We’re so glad we didn’t design a dedicated bathroom space into our campervan’s floor plan. Being without a toilet isn’t as difficult as it might seem at first and we rarely find ourselves in a bad bathroom situation.
Learn More: Do You Need A Campervan Toilet? We Don’t!
What We Regret About Our Conversion Van Floor Plan
No Swivel Seats
Due to poor planning and poor placement of our diesel heater, we did not end up installing swivel seats. This is a major regret for us.
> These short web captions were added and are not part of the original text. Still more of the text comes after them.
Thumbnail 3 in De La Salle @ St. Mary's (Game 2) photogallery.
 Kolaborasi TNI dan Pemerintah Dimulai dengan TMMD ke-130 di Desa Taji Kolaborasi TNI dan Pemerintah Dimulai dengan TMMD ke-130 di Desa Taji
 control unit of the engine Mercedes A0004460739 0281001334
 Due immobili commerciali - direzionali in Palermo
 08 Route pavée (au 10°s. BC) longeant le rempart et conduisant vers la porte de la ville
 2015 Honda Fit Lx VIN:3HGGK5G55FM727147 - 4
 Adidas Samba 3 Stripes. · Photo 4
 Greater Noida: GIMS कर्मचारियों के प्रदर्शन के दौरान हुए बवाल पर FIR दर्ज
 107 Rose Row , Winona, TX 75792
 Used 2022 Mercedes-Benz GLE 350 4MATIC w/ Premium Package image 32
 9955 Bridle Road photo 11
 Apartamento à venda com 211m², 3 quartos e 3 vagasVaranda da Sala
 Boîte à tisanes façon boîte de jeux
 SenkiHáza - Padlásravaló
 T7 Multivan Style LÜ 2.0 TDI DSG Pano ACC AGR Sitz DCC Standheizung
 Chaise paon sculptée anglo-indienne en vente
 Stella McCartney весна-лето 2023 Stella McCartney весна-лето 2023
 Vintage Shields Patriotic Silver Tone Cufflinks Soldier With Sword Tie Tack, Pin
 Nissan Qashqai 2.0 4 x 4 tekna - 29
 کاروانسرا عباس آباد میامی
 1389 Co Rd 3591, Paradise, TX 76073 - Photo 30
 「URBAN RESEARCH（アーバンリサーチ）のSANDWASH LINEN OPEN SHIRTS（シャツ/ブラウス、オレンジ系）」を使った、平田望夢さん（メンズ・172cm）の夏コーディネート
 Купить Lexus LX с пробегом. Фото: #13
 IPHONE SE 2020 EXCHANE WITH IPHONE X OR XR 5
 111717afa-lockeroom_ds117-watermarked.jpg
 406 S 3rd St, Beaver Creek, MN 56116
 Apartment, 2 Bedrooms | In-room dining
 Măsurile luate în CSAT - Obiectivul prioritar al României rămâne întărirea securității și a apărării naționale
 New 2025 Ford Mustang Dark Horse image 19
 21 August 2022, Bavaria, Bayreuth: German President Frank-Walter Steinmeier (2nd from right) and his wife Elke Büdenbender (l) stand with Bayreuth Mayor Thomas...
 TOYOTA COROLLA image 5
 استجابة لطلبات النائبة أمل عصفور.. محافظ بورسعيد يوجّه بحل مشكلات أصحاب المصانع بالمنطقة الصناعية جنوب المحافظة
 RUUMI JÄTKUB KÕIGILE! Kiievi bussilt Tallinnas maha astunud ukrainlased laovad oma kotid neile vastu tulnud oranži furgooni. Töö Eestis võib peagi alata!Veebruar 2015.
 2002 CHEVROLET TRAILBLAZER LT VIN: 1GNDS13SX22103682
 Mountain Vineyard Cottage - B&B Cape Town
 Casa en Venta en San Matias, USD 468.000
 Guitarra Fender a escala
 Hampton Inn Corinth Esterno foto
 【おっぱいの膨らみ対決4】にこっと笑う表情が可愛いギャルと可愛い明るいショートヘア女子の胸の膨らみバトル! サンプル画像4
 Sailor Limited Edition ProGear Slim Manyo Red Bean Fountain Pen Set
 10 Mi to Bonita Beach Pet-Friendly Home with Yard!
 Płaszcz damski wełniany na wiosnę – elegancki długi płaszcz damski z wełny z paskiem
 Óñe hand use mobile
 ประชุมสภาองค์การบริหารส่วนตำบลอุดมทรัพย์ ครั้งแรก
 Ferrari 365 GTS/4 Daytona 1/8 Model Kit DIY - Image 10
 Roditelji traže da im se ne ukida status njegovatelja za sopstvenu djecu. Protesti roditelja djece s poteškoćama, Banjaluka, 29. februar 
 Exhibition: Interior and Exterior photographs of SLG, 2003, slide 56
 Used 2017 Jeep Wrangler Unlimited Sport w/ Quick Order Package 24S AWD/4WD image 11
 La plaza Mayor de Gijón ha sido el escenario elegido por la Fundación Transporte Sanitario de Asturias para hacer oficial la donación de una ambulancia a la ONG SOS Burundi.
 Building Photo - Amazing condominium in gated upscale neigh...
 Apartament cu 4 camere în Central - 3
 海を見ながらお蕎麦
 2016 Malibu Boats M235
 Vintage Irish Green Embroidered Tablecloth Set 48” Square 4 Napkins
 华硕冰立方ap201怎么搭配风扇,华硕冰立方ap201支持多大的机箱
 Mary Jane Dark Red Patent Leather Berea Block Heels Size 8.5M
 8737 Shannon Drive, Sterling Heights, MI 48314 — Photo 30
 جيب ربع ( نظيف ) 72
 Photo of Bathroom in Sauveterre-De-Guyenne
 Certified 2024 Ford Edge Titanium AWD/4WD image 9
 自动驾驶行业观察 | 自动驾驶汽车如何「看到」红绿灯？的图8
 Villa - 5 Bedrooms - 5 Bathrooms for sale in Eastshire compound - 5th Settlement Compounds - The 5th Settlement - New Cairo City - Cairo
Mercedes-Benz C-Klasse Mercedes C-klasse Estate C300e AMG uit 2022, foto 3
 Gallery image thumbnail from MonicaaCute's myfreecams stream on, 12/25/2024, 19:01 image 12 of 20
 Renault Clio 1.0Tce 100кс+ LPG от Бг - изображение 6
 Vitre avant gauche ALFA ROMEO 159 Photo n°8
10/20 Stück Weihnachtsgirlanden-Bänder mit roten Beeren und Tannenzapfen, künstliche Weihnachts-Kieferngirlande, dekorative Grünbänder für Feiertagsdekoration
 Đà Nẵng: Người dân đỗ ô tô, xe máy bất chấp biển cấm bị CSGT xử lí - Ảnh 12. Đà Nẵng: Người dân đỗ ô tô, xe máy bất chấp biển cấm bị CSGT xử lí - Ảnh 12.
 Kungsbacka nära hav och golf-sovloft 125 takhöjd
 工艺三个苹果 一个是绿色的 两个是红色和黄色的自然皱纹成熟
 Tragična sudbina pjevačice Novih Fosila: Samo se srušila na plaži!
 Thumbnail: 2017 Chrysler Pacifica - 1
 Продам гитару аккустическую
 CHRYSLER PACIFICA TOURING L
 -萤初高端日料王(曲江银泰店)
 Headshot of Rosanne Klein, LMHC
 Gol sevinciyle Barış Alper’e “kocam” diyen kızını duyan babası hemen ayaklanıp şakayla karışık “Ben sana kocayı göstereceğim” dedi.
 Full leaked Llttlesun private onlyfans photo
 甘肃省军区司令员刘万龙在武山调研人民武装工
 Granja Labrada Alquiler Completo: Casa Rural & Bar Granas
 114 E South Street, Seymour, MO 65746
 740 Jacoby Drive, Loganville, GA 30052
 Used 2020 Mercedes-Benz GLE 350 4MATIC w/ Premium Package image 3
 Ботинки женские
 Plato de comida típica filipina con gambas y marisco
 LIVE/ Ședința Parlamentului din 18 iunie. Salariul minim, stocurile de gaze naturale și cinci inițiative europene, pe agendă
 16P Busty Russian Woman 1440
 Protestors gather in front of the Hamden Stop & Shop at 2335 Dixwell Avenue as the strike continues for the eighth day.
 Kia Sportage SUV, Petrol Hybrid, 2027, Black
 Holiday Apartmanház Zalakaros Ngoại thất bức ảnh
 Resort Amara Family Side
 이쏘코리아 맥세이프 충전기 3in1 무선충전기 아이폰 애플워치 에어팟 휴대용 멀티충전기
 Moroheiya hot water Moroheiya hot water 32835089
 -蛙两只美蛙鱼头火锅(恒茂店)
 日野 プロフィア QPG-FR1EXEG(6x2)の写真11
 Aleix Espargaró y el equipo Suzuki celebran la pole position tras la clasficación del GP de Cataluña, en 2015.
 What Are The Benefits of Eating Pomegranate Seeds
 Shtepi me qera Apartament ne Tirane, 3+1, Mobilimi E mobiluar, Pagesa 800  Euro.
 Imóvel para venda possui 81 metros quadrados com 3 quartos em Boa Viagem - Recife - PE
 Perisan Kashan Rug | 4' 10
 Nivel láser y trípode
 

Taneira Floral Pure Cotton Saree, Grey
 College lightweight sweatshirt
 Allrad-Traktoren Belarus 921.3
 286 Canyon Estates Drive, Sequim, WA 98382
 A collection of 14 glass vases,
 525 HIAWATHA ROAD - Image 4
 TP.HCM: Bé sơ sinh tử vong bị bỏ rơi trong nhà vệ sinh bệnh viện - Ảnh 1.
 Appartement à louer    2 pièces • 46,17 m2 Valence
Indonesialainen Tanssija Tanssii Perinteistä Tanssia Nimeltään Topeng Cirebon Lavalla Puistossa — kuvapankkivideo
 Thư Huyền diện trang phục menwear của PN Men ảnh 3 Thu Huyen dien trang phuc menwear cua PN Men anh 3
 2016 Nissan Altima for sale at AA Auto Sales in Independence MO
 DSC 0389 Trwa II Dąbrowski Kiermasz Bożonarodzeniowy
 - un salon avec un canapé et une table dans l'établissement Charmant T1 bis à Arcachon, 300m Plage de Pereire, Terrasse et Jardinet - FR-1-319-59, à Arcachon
No Putting A Water Tank Under The Van
All our fresh water tanks are inside the van. Had we planned a bit better, we could have installed a much larger fresh water tank under the chassis of the van, freeing up even more space inside.
No Safe Propane Solution
The most dangerous aspect of our campervan is that we live and sleep with our propane tank inside our van without proper propane ventilation. But with a bit more planning, I could have cut a hole through the floor of our van and installed a propane vent.
Learn More: Our Campervan Build Regrets
Final Thoughts: Designing Your Own Conversion Van Floor Plan
We hope some of the ideas we discussed in this post help you on your van layout design journey. There’s so much to think about and plan for, but we thoroughly enjoyed this planning and strategizing process.
Take your time and write out the aspects of van life that are important for you. If you do your homework, we think you’ll come away with your very own amazing van layout and build!